The same normalized data backs human-readable pages, for example institutional ownership of NVDA and Berkshire Hathaway's filing-by-filing portfolio, so you can eyeball what your code returns. Agents can skip REST entirely and connect over MCP. Setup for both paths is in the quickstart.

Frequently asked questions about the SEC EDGAR API
Is the SEC EDGAR API free to use?
Yes, completely. There is no key, no registration, and no usage fee. The costs are operational: you must declare a User-Agent, respect the fair access rate limits, and do all parsing, identifier resolution, and amendment handling yourself.

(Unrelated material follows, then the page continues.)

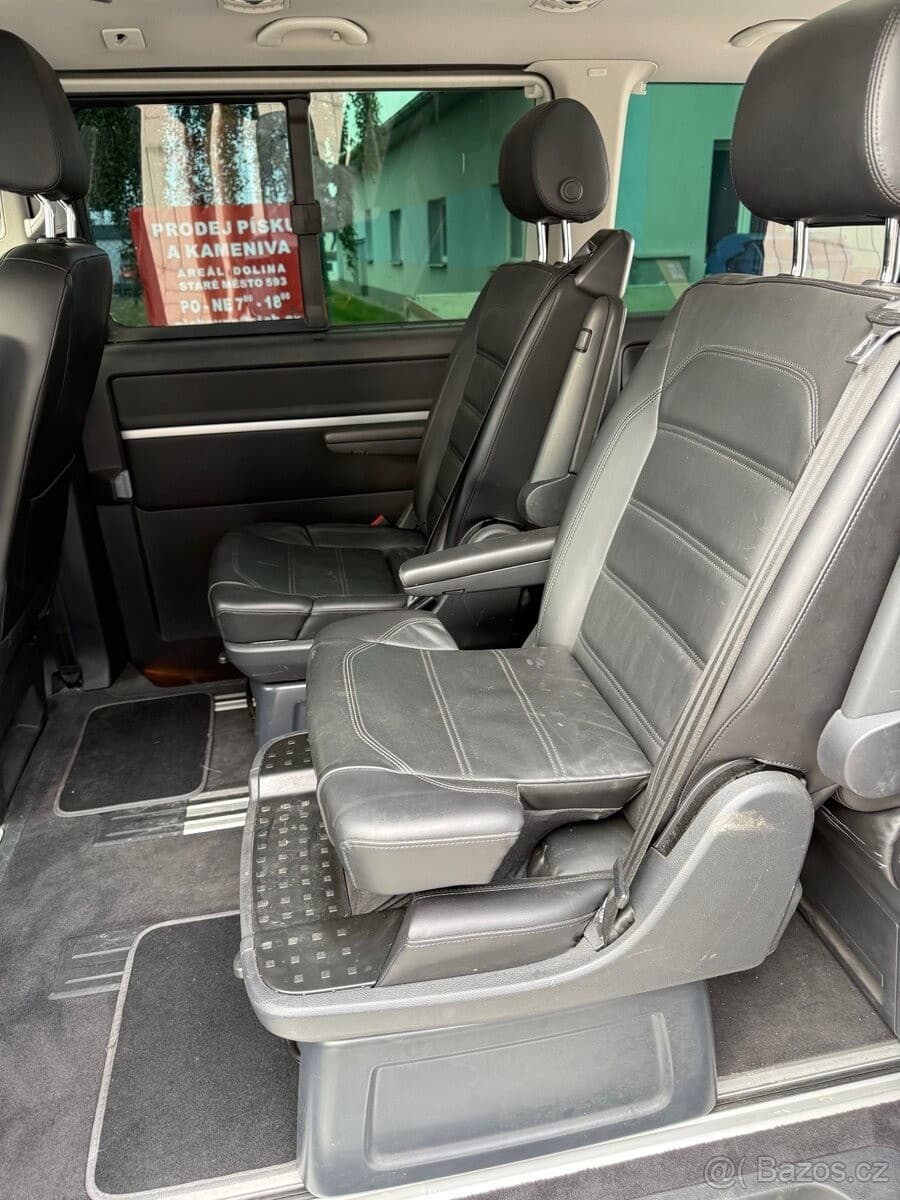2015 Volkswagen MULTIVAN - 23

What is the EDGAR rate limit?
The SEC's published fair access guidance currently documents ten requests per second per client, with a User-Agent that identifies you and includes contact information. Exceeding it, or crawling anonymously, gets you throttled or blocked. Treat it as a ceiling, and lean on index files to keep request volume down.
How do I find a company's CIK number?
The SEC publishes a ticker-to-CIK mapping file (company_tickers.json), and EDGAR's company search accepts names and tickers directly. Remember that a CIK identifies a filer, not a security: one manager can file for many funds, and the holdings inside those filings are keyed by CUSIP rather than ticker.
Does EDGAR provide real-time filing alerts?
No, there is no push API. The standard approach is polling the daily index or a filer's submissions JSON within the rate limits. For most use cases that is fine: a Form 4 already arrives up to 2 business days after the trade itself, so a few minutes of polling latency is rarely the bottleneck.
This article explains public filings and data concepts. It is not investment advice.